Task to complete:
Find the line that contains "IWC Pilots Watch"; please output it and each line after it, exactly as shown, up to the end of the entries below, skipping pictures.

====== Input data

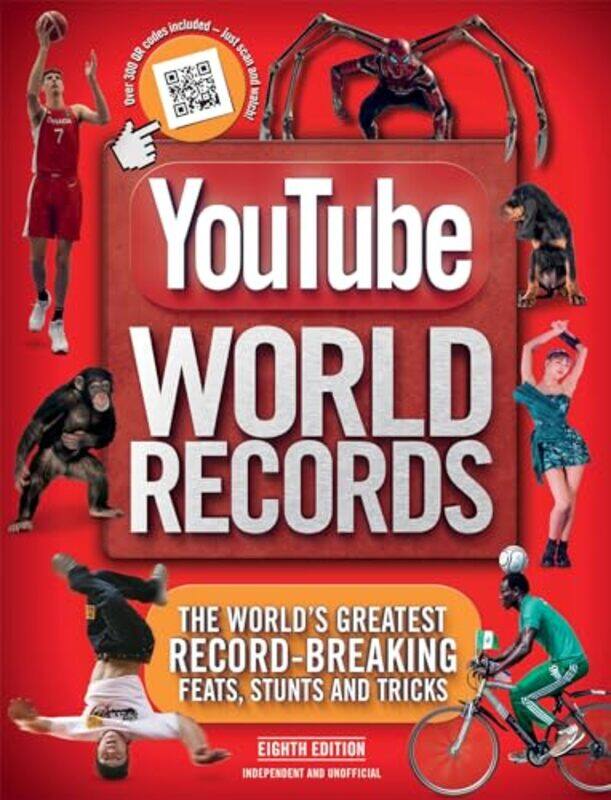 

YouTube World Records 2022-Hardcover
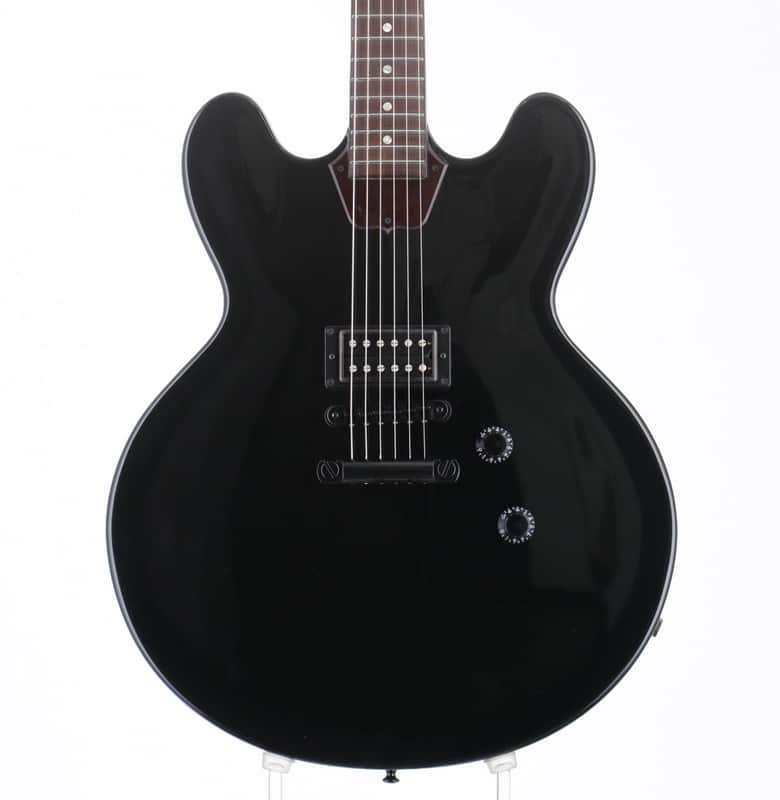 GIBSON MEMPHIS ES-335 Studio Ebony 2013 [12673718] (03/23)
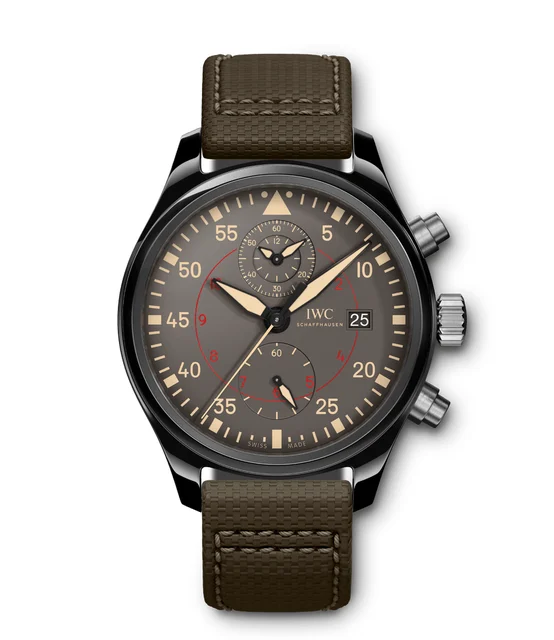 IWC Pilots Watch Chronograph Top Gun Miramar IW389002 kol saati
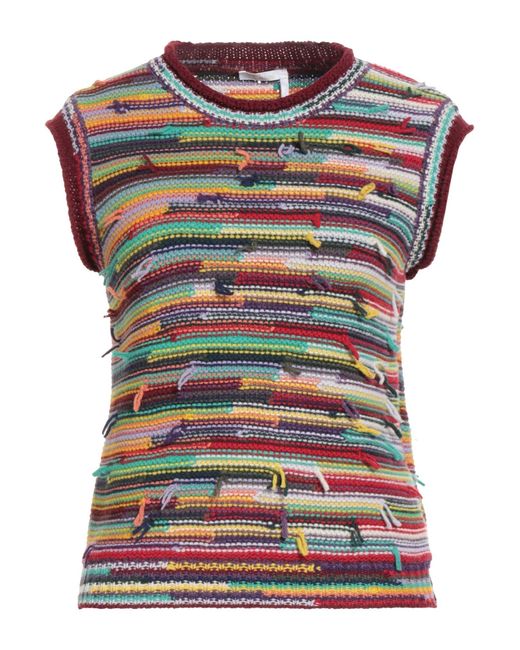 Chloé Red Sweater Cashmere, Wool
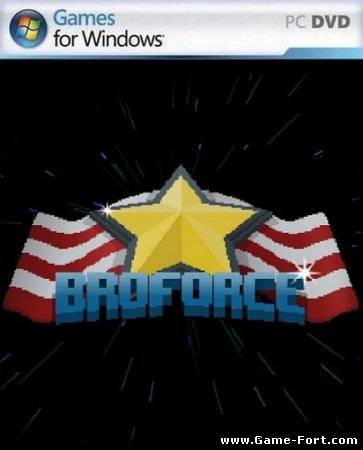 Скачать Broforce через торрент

============

Response to the exercise:
 IWC Pilots Watch Chronograph Top Gun Miramar IW389002 kol saati
 Chloé Red Sweater Cashmere, Wool
 Скачать Broforce через торрент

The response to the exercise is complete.